# Doorbell wire in brick wall is too short



## benmiller22 (Apr 3, 2012)

Recently we moved into a home and the doorbell is missing. There is a small hole in the brick wall with two wires inside. I've tried to pull the wires out of the hole in order to extend them enough to connect to a new doorbell unsuccessfully. Is there some easy way that I could strip the ends of these two wires and connect a similar gauge wire to them? I do not want to install a wireless doorbell. 

Thanks for your help. I'm going to try and post a picture as well. The brick hole diameter is about 3/4".


----------



## DexterII (Jul 14, 2010)

It's usually not this simple, but, just for kicks, I would check the basement and/or attic, to see if you can find this wire; if so, maybe you can pick up some slack, then pull it through.
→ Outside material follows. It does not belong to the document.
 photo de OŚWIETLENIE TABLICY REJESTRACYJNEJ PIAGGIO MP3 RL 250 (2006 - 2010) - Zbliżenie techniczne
Or, if it's taut at that point, maybe you could make your splice up or down there, and pull it through then. Again, seldom quite that simple, but you get lucky every once in a while.


----------



## AllanJ (Nov 24, 2007)

You might be able to stick the tip of a soldering gun in to melt off some of the insulation, then stick in rolled up sandpaper to clean off the ends, then stick the soldering tip in again and attach pigtails (short extensions) to those wire ends. Slip heat shrink tubing over for insulation; you might be able to heat up the tubing with the soldering tip but do not use a match or flame to actually make it shrink.

Make a spiral in the end of the pigtail to slip over the wire end in the wall, instead of trying to twist the pigtail end and the wire end together first.


----------



## danpik (Sep 11, 2011)

A lot of times the doorbell wire runs to the button location behind the trim on the inside. You might check if thats the case. If so, you could splice it together in there and extend the wire out to the button location


----------



## k_buz (Mar 22, 2012)

Worst case scenario put the new button over the existing hole (top of the button lined up with the top of the existing hole) trace the new button on the wall, then gently chip out a bigger hole...working your way down. You might be able to get enough wire out to either connect to the button, or splice on a little wire. I know you will loose surface to mount the new button, but a little caulk should hold it there just fine.


----------



## BigJim (Sep 2, 2008)

Or if all else fails buy a battery powered remote doorbell.


----------



## Msradell (Sep 1, 2011)

jiju1943 said:


> Or if all else fails buy a battery powered remote doorbell.


From the OP "I do not want to install a wireless doorbell."


----------



## Jay 78 (Mar 2, 2011)

I went wireless. I was extremely skeptical, but it has turned out to be totally reliable.


----------



## rrolleston (Oct 17, 2011)

try and strip the wire with a couple pairs of needle nose pliers and crimp splices on with needle nose pliers.

If you have a soldering iron this can be fixed easily. Strip insulation from a larger size wire slide some on both new wires solder the wires together 3/4" is plenty of room slide the insulation over the wires and tape it up.


----------